Transforming activity of SYT-SSX1-expressing 3Y1 cells. (A) Schematic structure of the SYT, SSX1, and SYT-SSX1 proteins. The break point of chromosomal translocation for chimeric gene production is indicated by a broken line. (B) Stable expression of SSX1, SYT-SSX1, and SYT in 3Y1 cells. (Left) Expression levels of SSX1 (lane 1, clone F1–7; lane 2, F1–10; lane 3, F1–23) and of SYT-SSX1 (lane 4, Y1–8; lane 5, Y1–17; lane 6, Y1–24) and vector alone (lanes 7–9) analyzed by anti-SSX antibody. (Right) SYT expression (lane 1, clone SYT-1; lane 2, SYT-2; lane 3, SYT-4; lane 4, vector) by anti-Flag Ab. (C) Growth rates of each SSX1-, SYT-SSX1-, and SYT-expressing cell lines in culture with 10% (Left) and 2% (Right) serum. The averages of cell numbers of three independent clones were plotted and standard deviations are indicated as vertical bars. (D) Analysis of anchorage-independent growth of SYT-SSX1-expressing cells. The averages of colony numbers sized larger than 0.2 mm of three independent clones of each SSX1-, SYT-SSX1-, and SYT-expressing cells were plotted as open bar graphs with standard deviations indicated as vertical bars.
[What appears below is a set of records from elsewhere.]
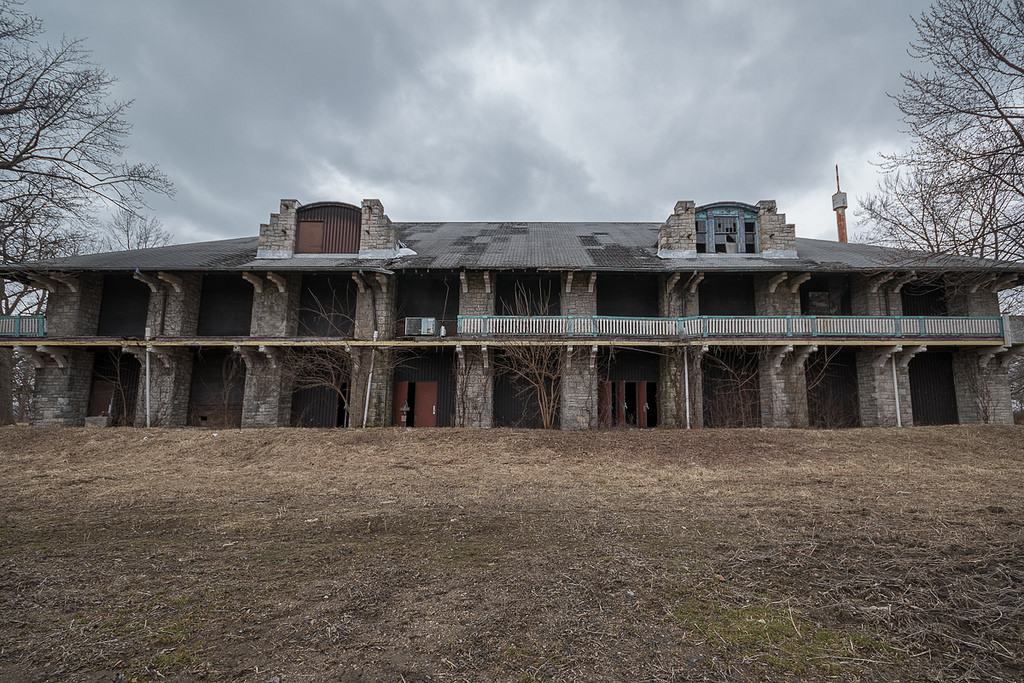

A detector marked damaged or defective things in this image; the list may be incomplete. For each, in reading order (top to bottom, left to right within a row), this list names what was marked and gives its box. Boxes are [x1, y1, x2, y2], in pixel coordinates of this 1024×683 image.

rusted metal dormer cover [294, 204, 362, 258]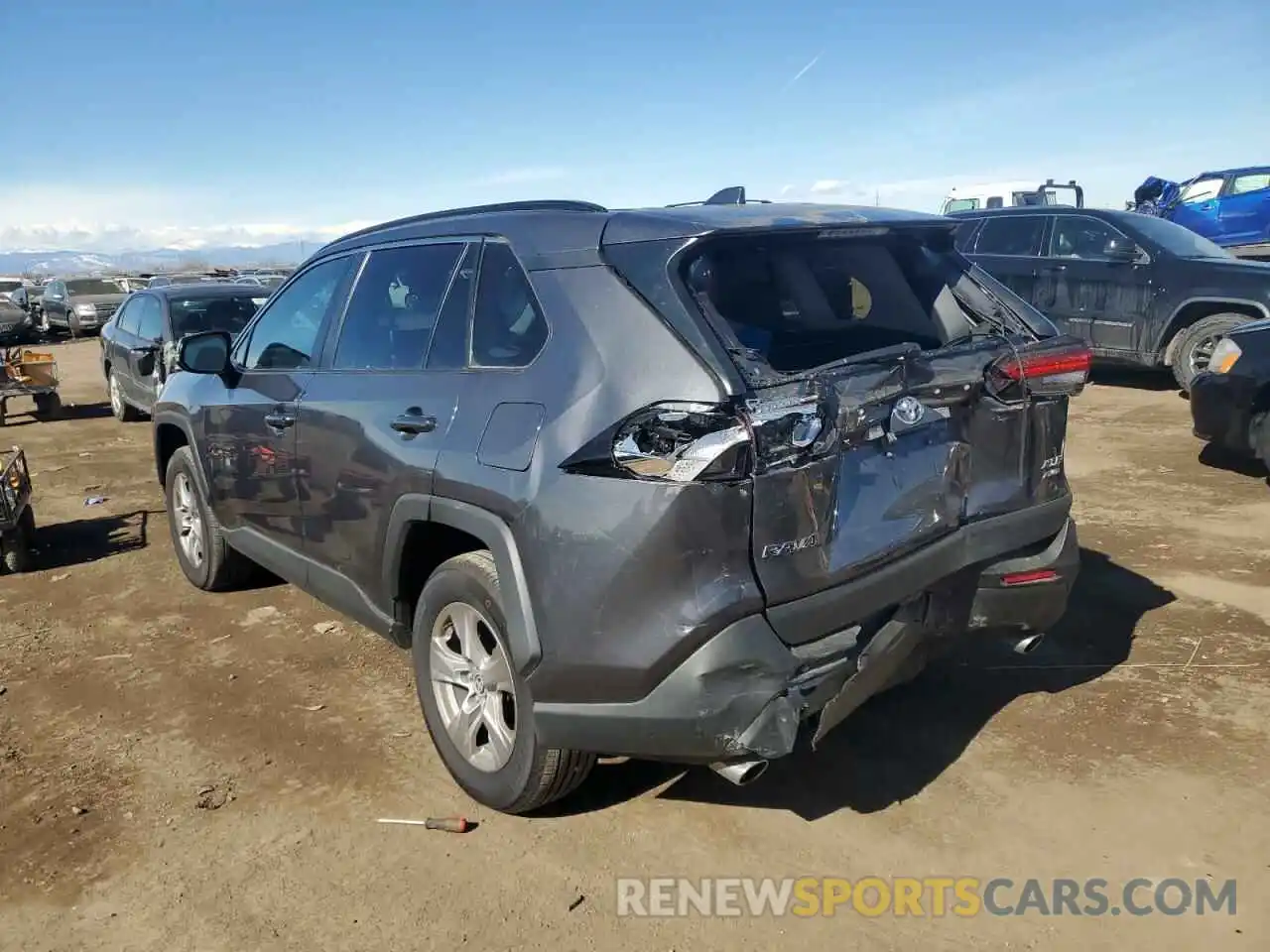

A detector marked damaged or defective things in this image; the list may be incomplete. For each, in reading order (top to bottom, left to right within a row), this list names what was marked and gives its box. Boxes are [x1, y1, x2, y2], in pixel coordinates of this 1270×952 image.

damaged gray suv [148, 190, 1081, 817]
broken taillight [561, 404, 746, 484]
crushed rear bumper [531, 502, 1077, 767]
broken taillight [980, 340, 1091, 404]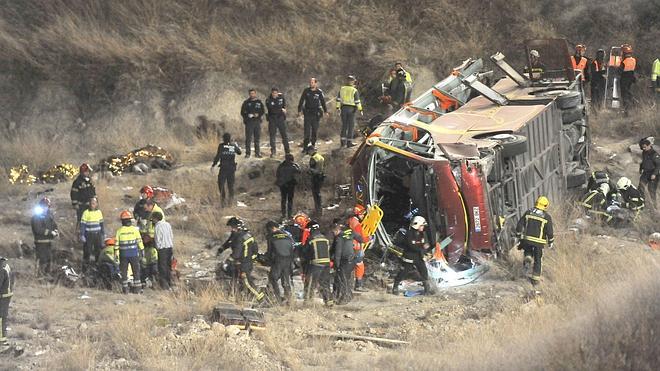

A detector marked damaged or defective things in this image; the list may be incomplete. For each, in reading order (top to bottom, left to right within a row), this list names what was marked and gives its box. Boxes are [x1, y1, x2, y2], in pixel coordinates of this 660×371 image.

overturned bus [350, 38, 588, 282]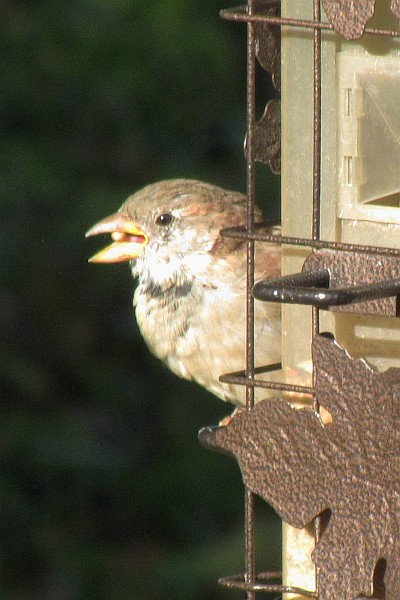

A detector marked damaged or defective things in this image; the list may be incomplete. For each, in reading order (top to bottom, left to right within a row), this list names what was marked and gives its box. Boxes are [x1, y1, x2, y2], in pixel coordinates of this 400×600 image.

rusty metal [202, 336, 400, 596]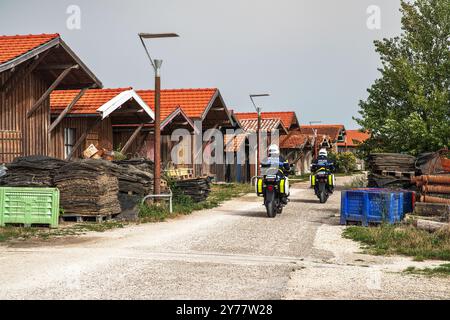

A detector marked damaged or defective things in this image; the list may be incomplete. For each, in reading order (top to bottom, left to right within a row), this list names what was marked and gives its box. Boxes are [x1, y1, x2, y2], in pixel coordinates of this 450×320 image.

rusty pipe stack [412, 175, 450, 205]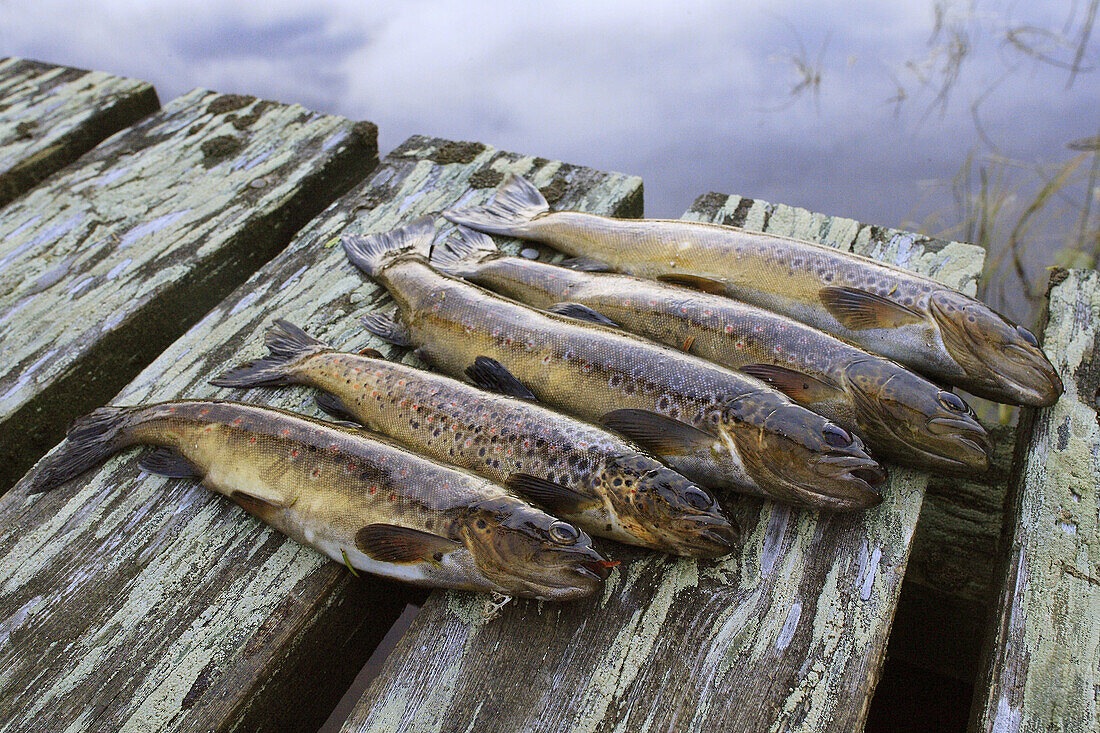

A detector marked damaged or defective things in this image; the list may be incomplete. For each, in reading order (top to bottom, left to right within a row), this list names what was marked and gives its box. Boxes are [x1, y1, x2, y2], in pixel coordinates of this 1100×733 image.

peeling paint on wood [0, 56, 159, 205]
peeling paint on wood [0, 89, 378, 490]
peeling paint on wood [0, 134, 638, 726]
peeling paint on wood [341, 189, 981, 730]
peeling paint on wood [972, 267, 1100, 730]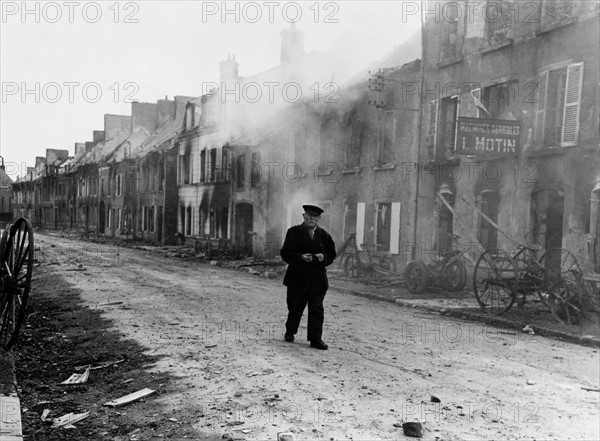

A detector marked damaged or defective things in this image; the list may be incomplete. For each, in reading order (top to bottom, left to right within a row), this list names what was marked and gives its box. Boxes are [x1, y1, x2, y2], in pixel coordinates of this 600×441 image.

broken window [536, 62, 580, 148]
SSX1, SYT-SSX1, and SYT-expression vectors were transfected to 3Y1 cells and after selected by G418, resistant clones were plated as polyclonal state, and the number of the formed colonies were measured. Photographs of representative colonies are shown on the right. (E) Tumor growth in nude mice. SYT-SSX1-expressing 3Y1 cells formed tumor masses at the back and in the peritoneal cavity of nude mice (Upper Left). Expression levels of SYT-SSX1 in formed tumors were confirmed by immunostaining (Upper Right) and immunoblotting (Lower Right). Microscopic appearance of tumors is shown by hematoxylin-eosin staining (Lower Left).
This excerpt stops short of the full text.